By Amanda Walgrove
Last week, Sarah Palin visited Israel and met with Prime Minister Netanyahu and other members of Israel’s right-wing coalition, including Likud Chairman, Danny Danon. Many have questioned whether or not this was an early campaign move; many GOP members who may throw their hats into the Presidential ring—Mike Huckabee, Mitt Romney, and Haley Barbour—have recently made visits to Israel as well. “It’s not the Ames straw poll, but I do think a visit to Israel is an important stop for folks who are running for president,” Republican Jewish Coalition executive director Matthew Brooks told Politico. “So much of what our commander-in-chief will deal with in the White House is rooted in this part of the world.” Besides being a shiny credential on the checklist for candidacy, Palin’s visit also serves to put another face to the name of what has become an increasingly conservative stance on what it means to be “pro-Israel.”
Tea Partiers have been split between what Walter Russell Mead has deemed the “Palinite” and “Paulite” approaches to foreign policy. The “proactive” tactics Palin endorses call for maintaining a tight alliance with Israel. Garnering significantly less support from the GOP is Ron Paul’s “passive” approach, which suggests that America distance itself from the Israeli-Palestine conflict and avoid supporting one over the other. Speaking out about the need to condemn Palestine for attacks on Israel, Republican House Majority Leader, Eric Cantor, responded to the recent bombing in Jerusalem by saying, “The White House must do more to tamp down anti-Israel incitement in the Palestinian territories. That’s why I support bipartisan efforts in the House and Senate that call on the White House to put an end to anti-Israel incitement in the Palestinian territories.” But how has the median Jewish American constituency reacted, considering the latest tragedies that Israel has faced?

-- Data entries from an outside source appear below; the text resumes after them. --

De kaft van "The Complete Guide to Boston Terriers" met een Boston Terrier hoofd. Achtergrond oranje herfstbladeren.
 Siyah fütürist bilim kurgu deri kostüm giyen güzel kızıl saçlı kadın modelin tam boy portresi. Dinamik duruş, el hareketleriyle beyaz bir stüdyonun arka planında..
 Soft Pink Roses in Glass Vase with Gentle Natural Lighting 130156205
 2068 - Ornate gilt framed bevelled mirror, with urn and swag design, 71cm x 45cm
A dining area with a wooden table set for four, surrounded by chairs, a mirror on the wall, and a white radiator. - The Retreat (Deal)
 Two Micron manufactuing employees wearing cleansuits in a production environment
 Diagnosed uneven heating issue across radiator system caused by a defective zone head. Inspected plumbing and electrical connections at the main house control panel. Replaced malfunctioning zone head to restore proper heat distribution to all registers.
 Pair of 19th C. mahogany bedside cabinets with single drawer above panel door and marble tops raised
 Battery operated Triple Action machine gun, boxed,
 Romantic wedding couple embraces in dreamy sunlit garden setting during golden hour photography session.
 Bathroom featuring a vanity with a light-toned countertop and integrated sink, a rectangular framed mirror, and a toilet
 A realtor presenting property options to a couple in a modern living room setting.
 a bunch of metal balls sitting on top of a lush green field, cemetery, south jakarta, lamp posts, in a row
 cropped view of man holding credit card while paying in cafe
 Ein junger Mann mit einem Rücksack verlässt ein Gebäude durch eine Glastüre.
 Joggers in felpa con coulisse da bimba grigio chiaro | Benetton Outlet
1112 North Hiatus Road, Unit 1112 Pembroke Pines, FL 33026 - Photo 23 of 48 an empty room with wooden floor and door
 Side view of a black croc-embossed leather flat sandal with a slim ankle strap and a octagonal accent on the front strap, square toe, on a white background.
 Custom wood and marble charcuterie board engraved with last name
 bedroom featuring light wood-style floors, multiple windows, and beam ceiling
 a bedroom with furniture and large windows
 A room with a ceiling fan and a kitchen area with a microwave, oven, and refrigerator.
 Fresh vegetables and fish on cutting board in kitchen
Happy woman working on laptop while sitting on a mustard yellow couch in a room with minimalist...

Dominating the American Jewish landscape, the right-leaning AIPAC fully supports the policies of any Israeli government, including the current one, stating on its website, “AIPAC works to secure vital U.S. foreign aid for Israel to help ensure Israel remains strong and secure.” Jeremy Ben-Ami, creator of the three-year-old J Street, felt that this conservative domination left a gap for American Jews who wanted to commune and raise money for a more peaceful solution to conflicts between Israel and Palestine. While a tagline of “Pro-Israel, Pro-Peace” has a positive ring to it, the controversy lies in the idea that Palestine should not be reprimanded for attacks on Israel, but rather, they must be persuaded to make a peace agreement. For supporters of J Street, questions arise such as: Is someone anti-Israel if he or she believes that the Palestinians deserve the same rights as the Jews? Can someone be pro-Israel without fully supporting the Israeli government’s decisions?
Israeli lawmakers held a hearing on Wednesday to decide the answers to these questions, discerning what role Jews living outside the country should have in Israeli policymaking. A recent poll showed that only 14% of Israelis had ever heard of J Street and only 19% believed that the American Jewish community should provide unconditional support for Israeli politics. However, right-wing Israeli politicians, believing America’s support to be crucial, think that J Street verges upon treason by not backing the decisions of the Israeli government. Lawmaker Otniel Schneller, a member of the centrist Kadima party, said at the hearing, “J Street is not a Zionist organization. It cannot be pro-Israel,” suggesting that J Street’s display of love for Israel “has strings attached.” While extreme critics of J Street have labeled the lobby group “anti-Israel,” Danon said he would call for a committee vote to have J Street labeled a pro-Palestinian rather than a pro-Israeli group, a move Ben-Ami said could compromise J Street’s appeal in the United States.
Without having to label any group or belief as the “anti,” it’s easy to see that there are different definitions of what people consider to be “pro-Israel.” After the recent brutal murder of the Fogel family in Israel, representatives from the left and right sent letters to President Obama, advising him on how to stand with Israel in the conflict with Palestine. Obama’s dedication to the “Pro-Peace” sentiment is supported by J Street and its passionate followers, but remains neglected by Netanyahu’s administration. Meanwhile, Republicans have been accusing Obama of taking a weak stance in supporting Israel, especially after his reluctance to veto a United Nations Security Council resolution condemning Israel’s settlement policy.
Ahead of Palin’s visit to Israel last week, an Obama official reportedly joked that the Netanyahu was “waiting for President Palin.” But preoccupation with American campaign strategies, lobbyists, and party lines seems increasingly distracting during a time of violent unrest in the Middle East. The real problem is that powerful stances on foreign policy are becoming dangerously polarized, to a point where disingenuous jabs will be made from each side. AIPAC was recently condemned for using the recent bombing in Jerusalem in its fund-raising and J Street has been accused of criticizing other organizations in order to promote a more leftist standing. Instead of figuring out who is centrist, hypocritical, leftist, or conservative, the focus should be put back on a practical strategy for the safety of Israeli citizens and the ways in which America can use its resources to help.